Bhangya Bhukya is an Indian historian who has made a significant contribution to the study of Banjara and Gond tribes of India. He is the author of several books including Subjugated Nomads: The Lambadas Under the Rule of the Nizams (2010) and Roots of the Periphery: A History of the Gonds of Deccan India (2017). He is Professor of History at the University of Hyderabad. He has served as associate professor at the English and Foreign Languages University, Hyderabad, and as assistant professor at Osmania University, Hyderabad. Dr Bhukya has specialized in modern Indian history and his work focuses on the history of subaltern and marginalized groups. He did his MA and MPhil from Hyderabad Central University, India, and his PhD from the University of Warwick, UK, on a Ford Foundation International Fellowship.

Bibliography
 History of Modern Telangana, Orient Blackswan (2017)
 The Roots of the Periphery.
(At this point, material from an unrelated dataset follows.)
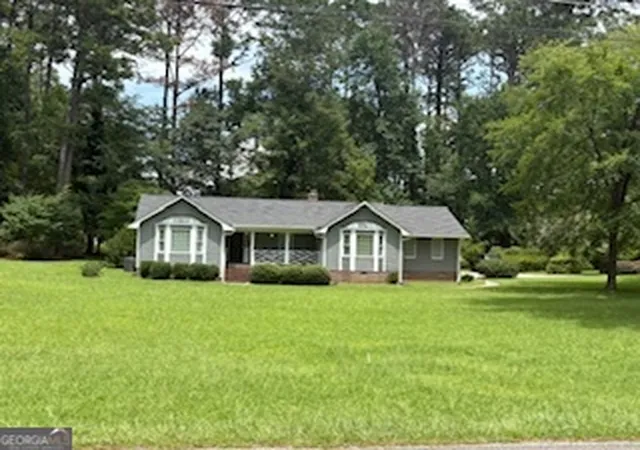Photo 3 of Sale Pending at 3759 Sussex Dr Ne, Milledgeville, GA 31061 | MLS# 10804862 | Listing updated on 2026-08-26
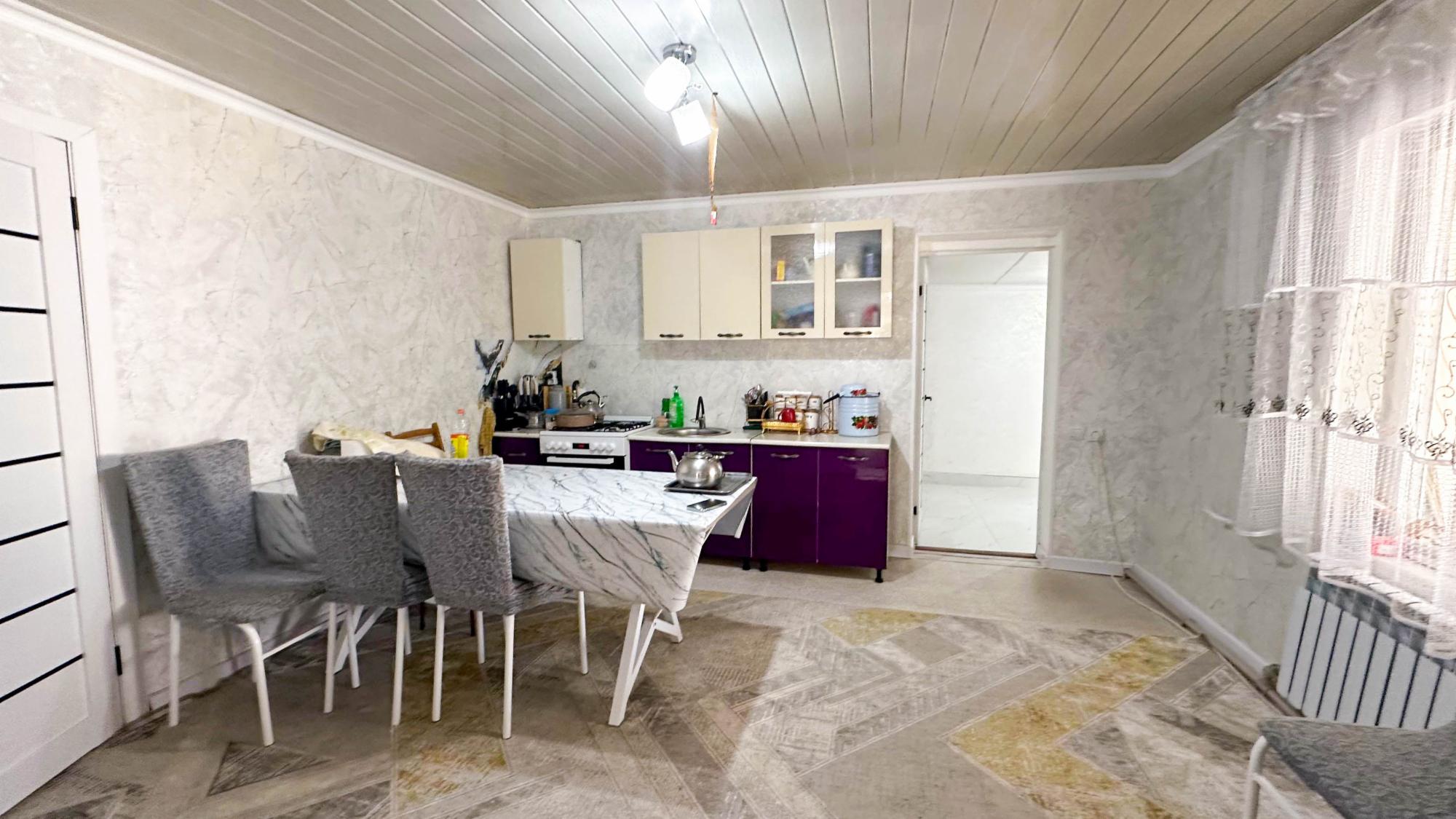 3-комнантный квартира, 111.0 м²,Брусиловского за 20 000 000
A History of the Gonds of Deccan India (2017) Oxford University Press
 Colonialism and Its Nomads in South India (2012)
 Subjugated Nomads: The Lambadas under the Rule of the Nizams (2010) Orient Blackswan
 The Lambadas: A Community Besieged (2002)

References

External links 
 Articles in EPW
 List of publications

Date of birth missing (living people)
Living people
Historians of South Asia
20th-century Indian non-fiction writers
21st-century Indian non-fiction writers
Historians of India
21st-century Indian historians
Year of birth missing (living people)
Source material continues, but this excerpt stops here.